Tranifesto: Some Realities About Public Restrooms


By Matt Kailey

It’s 2013 and we are still arguing over the right to eliminate.

Colorado has some of the best laws in the country around the protection of trans rights, and our public accommodations law covers transgender and transsexual people, but we are still doing battle over bathrooms. Most recently, a six-year-old girl has been the target of discrimination when, despite our laws of protection, her school is not allowing her to use the girls’ restroom.

And now the state of Arizona, which brought us the most discriminatory racial-profiling bill in recent history, is back at it with SB 1045, which originally mandated discrimination against trans people and would pretty much force everyone, trans or not, to haul their birth certificates around with them in order to use public facilities.

Rep.
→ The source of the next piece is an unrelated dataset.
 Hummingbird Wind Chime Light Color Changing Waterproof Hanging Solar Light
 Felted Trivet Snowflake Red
John Kavanagh, a sponsor of the bill in the state legislature, has now “softened” it to allow, but not force, businesses and organizations to discriminate. He claims he did this in the face of public outcry. (Did he think there wouldn’t be any? He doesn’t know our Arizona trans community very well.)
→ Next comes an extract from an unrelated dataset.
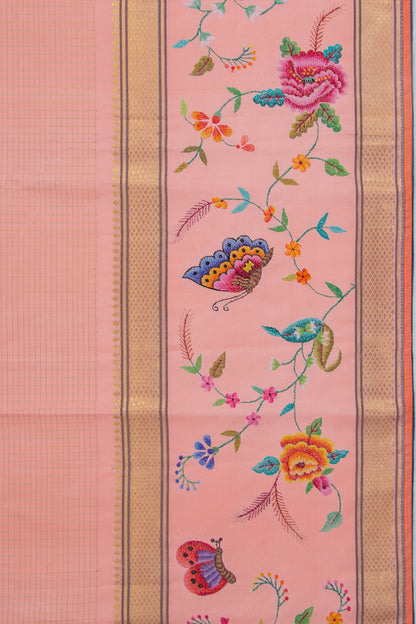 Petite Point Kanchipuram Silk Checks Embroidery Peach Saree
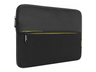 Funda portátil - Targus TSS931GL, Para PC's hasta 14 ", Poliéster/Neopreno, Cierre de Cremallera, Negro/Amarillo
So just as Colorado proves that a public accommodations law is not going to stop discrimination against trans people, Arizona is letting us know that it really doesn’t care.
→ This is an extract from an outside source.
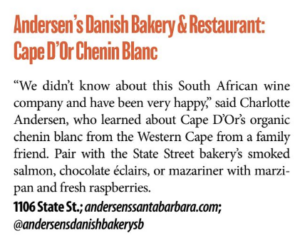 Santa Barbara Independent Wine Week - The Andersen’s Danish Bakery & Restaurant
And in the trans community, we know that laws such as the one making its way through the Arizona state legislature will negatively impact trans women the most. We also know that these laws are almost always based on an underlying premise of sexual predation.

In the face of all this, I would like to reiterate some of the points I make in Five Points for Non-Trans People About Public Restroom Use and add some additional points here:

> I lived as a girl and a woman for forty-two years. In that time, I used public women’s restrooms tens of thousands of times – at school, at work, in restaurants, in bars, in the mall, at concerts, and at every other possible public venue. In all of those years, not once – not once! – did I see the genitalia of anyone else in any of those restrooms. Over a period of forty-two years, I had no idea who was in the bathroom with me or what the other bodies in there looked like – nor did I care. (And I didn’t show anyone mine, either.)

> Trans people are not sexual predators. I worked for eighteen years in child and adult protection, and I have worked with hundreds of sexual perpetrators and victims of sexual abuse and assault. I will tell you who the majority of sexual perpetrators are. They are fathers, grandfathers, uncles, brothers, husbands, dates, teachers, coaches, clergy, youth leaders, and sometimes a random stranger. In that time, I never ran into a trans person who was an assailant or a woman or girl who was sexually assaulted by a trans person.

> Laws do not thwart sexual predators. They are already breaking the law. Rape is against the law. Sexual abuse is against the law. If a sexual predator wants to enter a women’s bathroom and assault someone, he will do it (I say “he” because most sexual predators are men). No law is going to stop him, because his intention already is to break the law.

> Although most sexual predators are men, women can also be sexual predators. And what bathroom do they use?

> Trans women are in far more danger of physical and sexual assault in public restrooms than non-trans women and girls are. If you want to see assaults increase, force trans women to use men’s restrooms. Your assault units will have more than enough work to keep them busy, and the victims will be trans women. And I know that there are plenty of trans men who many women would not want in the women’s restroom, regardless of what their genitals look like or what their birth certificate says – not because they are dangerous, but because they are men.

> To those who are concerned about “sharing” a restroom with a trans person – you already are. You have been for years. You just don’t know it because we don’t strip down in public restrooms or go waving our genitals around (and for many of us, even if we did, you still wouldn’t know it). We are probably far more modest than you are, and we are probably far more concerned about taking care of business and leaving.

> The majority of sexual perpetrators in the world are non-trans men. That’s a fact, and there are statistics everywhere that will back that up. Sexual perpetrators love these so-called “bathroom bills” because they take attention and resources away from where they really should go – stopping sexual violence against women and girls, including trans women and trans girls. And passing these bills gives women and girls who believe this nonsensical rhetoric a false sense of security because some imaginary “threat” has supposedly been eliminated. By concentrating on these ludicrous bills, you are playing right into the hands of true sexual perpetrators.

There are real problems going on right now in this country, and in individual states, that require real solutions. Who is using what bathroom isn’t one of them. By concentrating on these non-issues, lawmakers are able distract the public from the real issues that need legislative attention, but that they don’t know how to solve.

Another discriminatory law is not going to help anyone. It’s just creating a problem where none exists and using it as a smokescreen to divert attention away from far more serious issues. Give it up, John Kavanagh, and get back to work.